Whitley, a 6-foot-7 right-handed pitcher who throws in the high 90s, has been projected by many to be drafted in the first round, with Bleacher Report having him going as early as 11th overall to the Seattle Mariners. MLB Network ranks Whitley as the 12th best prospect in this year’s draft. If he’s selected that early, he could know where he’ll be headed before he even takes the mound against College Station in the state semifinal.
“It’s obviously a big deal,” said Whitley on if he’ll be thinking about the draft during his start. “However, my main focus is on winning the state championship, and that’s going to come first on my mind.”
Days before his life-changing night, Whitley sat down with SI Kids to talk about what he’s feeling as he leads his school to its first ever state tournament, the gold medal he won with the USA National Team in Japan, and the Under Armour All-America Game at Wrigley Field.
When did you start playing baseball?
I started playing when I was five years old. It was machine pitch right across the street at the Little League. I wasn’t much of a pitcher since of course I couldn’t pitch. I don’t think I was very good, and it wasn’t a big deal to me yet, but it was fun.

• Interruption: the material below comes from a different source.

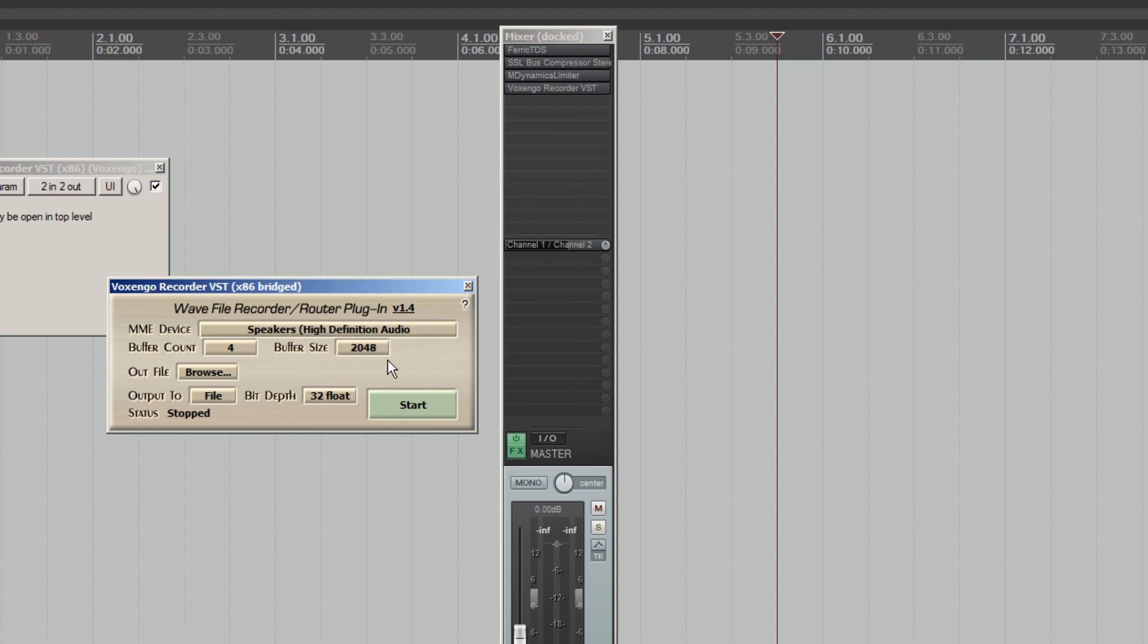To sum up, ASIO drivers do not work with 99% of screencast software on Windows. There are workarounds. Voxengo Recorder is one of them.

What is your favorite memory of baseball?
My favorite memory in baseball is when we won the gold medal for the USA National team in Osaka, Japan [at the World Baseball Softball Confederation 18U World Cup]. Going out there and beating players from across the world with the best players from around the nation is a pretty indescribable feeling.
What has this past year been like?
It’s been a lot. It’s been a little overwhelming at times, but you just have to go out there and play the game, ignore distractions, and just do your thing. I’ve really enjoyed this high school season. You know, this run that we’re on is just awesome. We’re making school history, and it’s been a lot of fun.

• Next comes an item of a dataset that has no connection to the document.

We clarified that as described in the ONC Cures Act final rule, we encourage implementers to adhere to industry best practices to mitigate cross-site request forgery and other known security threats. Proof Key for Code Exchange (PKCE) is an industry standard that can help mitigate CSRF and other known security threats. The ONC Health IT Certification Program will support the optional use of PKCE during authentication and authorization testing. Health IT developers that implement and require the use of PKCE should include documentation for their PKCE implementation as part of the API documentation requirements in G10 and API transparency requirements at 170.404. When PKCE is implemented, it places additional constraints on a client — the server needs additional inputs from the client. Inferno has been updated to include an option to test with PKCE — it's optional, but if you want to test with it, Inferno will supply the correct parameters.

Out of everything you’ve gotten to do this year, can you describe your favorite moment?
In Japan, I was pitching against Team Canada, and they had a couple of guys that had been previously drafted. They had a guy who had been picked 12th overall to the Marlins; his name was Josh Naylor. I’d known him coming into the game, and I actually had the chance to pitch against him and I struck him out, so that was a pretty awesome moment that I’ll remember forever.
What have you learned through this whole experience, between going to Japan to play with Team USA, playing at Wrigley Field, and being so heavily scouted?
It’s really humbling, learning that there are other players in the nation who are a lot better than you. You might be neck and neck with a guy talent-wise, and it really comes down to what you do off the field and how diligent you are with your process — and everything off the field as far as workouts go, or how you carry yourself with diet. That’s what I’ve learned is a really a difference-maker.
What have you changed through all of that?
I’ve really changed my diet and my workout regimen. The diet’s changed from going out to eat seven days a week to eating more home-cooked meals that my mom makes. I’ve always done training, but it’s really the diet that changed for me. I’d work out really hard, and then I’d be at the Whataburger drive-through an hour later.
When did you start thinking getting drafted was a possibility?
It wasn’t really one moment, but over the summer I found myself competing with the top guys in the nation, and I was getting them out. My stuff was on par with everyone else’s who was highly ranked, and people started noticing. I started to get a lot more attention, so that’s when I really started to realize I had a chance.
What would being drafted mean to you?
It would mean the world to me. It’s been a dream ever since I was a little kid. Maybe it was a little far-fetched then, but in the past couple of months, it’s been a reality, and it would absolutely mean the world to me.